While ARMS has a 10 round ‘arcade mode’ acting as it’s main single player draw there is little story here. At the beginning of each character’s campaign, you get a couple of lines of text mentioning some facts about them and a stats bio. In addition to that, between matches, a robot commentator will comment on your next opponent and sometimes the relationship between the two.
This has about as much narrative as you used to find in most 90’s fighters but with such a fascinating world that seems obsessed with the ARMS circuit, it’s a shame there wasn’t a proper story mode to give these fascinating characters more depth. On the bright side it gives the world and fighters a nice air of mystery I guess.

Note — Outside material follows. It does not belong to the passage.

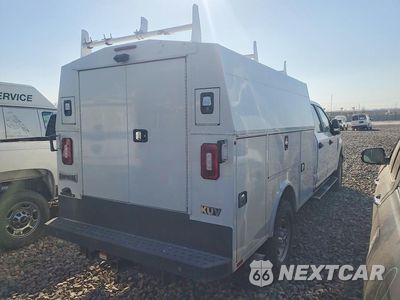Trzecie zdjęcie samochodu z tyłu: 2022 FORD F350 SUPER DUTY UTILITY / SERVICE TRUCK VIN:1FD7W3F66NEF34538 - miniatura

At its core, ARMS is typically a 1 on 1 boxing game focusing on movement in a 3D arena while punching, dodging and countering. The big twist here, of course, is your characters have ridiculous punching range thanks to their spring like arms or hair. Each of the 10 fighters has their own movement speed, punching speed, starting arm selections, special ability (e.g. Ninjara disappears when he dashes in the air, Twintelle can float for a bit and Helix… well he’s very unique let’s just say that) and power. For the most part, the characters are well balanced and as each fighter has access to each arm type there are no issues there.

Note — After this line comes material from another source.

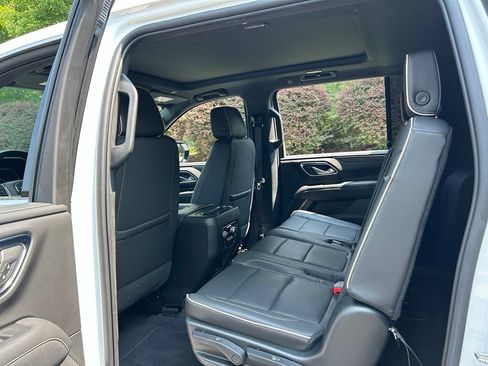 Used 2023 GMC Yukon XL SLT w/ SLT Premium Package RWD image 39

On top of that, each of your two arms can be equipped with one of 30 arm types which range from standard boxing gloves to mallets to dragons that shoot laser beams. This means there are countless combinations of play styles to mess around with and finding one that suits you shouldn’t be too difficult. Each glove category is vastly different from the last and while you may find you easily beat an opponent with one combination, them simply changing their gloves can throw you for a loop giving valuable meaning to the in-between round glove changes both players can make.
Perhaps surprisingly so, there is a high layer of strategy in ARMS. While the game employs a rather common paper-scissors-rock premise in that punches beat grabs, grabs beat blocks and blocks beat punches (and each of those cancels each other out). Your success in ARMS will come from mastering that system as well as being better in common fighting game tropes such as reaction times, spacing and game knowledge.

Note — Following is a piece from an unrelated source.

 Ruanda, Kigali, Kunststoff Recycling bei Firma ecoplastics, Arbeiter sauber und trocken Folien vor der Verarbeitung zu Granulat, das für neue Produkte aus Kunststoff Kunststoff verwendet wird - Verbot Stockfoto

Controls are well handled here with every Switch control scheme supported. The motion controls are incredibly solid and responsive. While I found movement perhaps the hardest thing to do with the controls I think that was down to me being uncoordinated as opposed to poor motion controls. I’ve heard many complaints about people grabbing by mistake but I didn’t suffer that issue.
If you’re learning the game I definitely recommend playing in handheld mode with the Joycons attached. This allows you to pay close attention to the action while learning the controls which are a little unconventional (guard, for example, is activated by pushing the left stick in). For some reason, Nintendo didn’t see it necessary to let us customise button inputs at all which would have been greatly appreciated.
In terms of game modes, you’ve got the aforementioned Grand Prix, versus modes which contains some fairly inconsequential mini games (which can be played locally and online) and a training mode. The training mode throws a variety of situations against you to get better at certain aspects of the game which I found great. Meanwhile, the mini games Volleyball, Hoops and Skillshot (break the target) are nothing but small distractions that are better suited to being scattered in between Grand Prix and online matches as they are.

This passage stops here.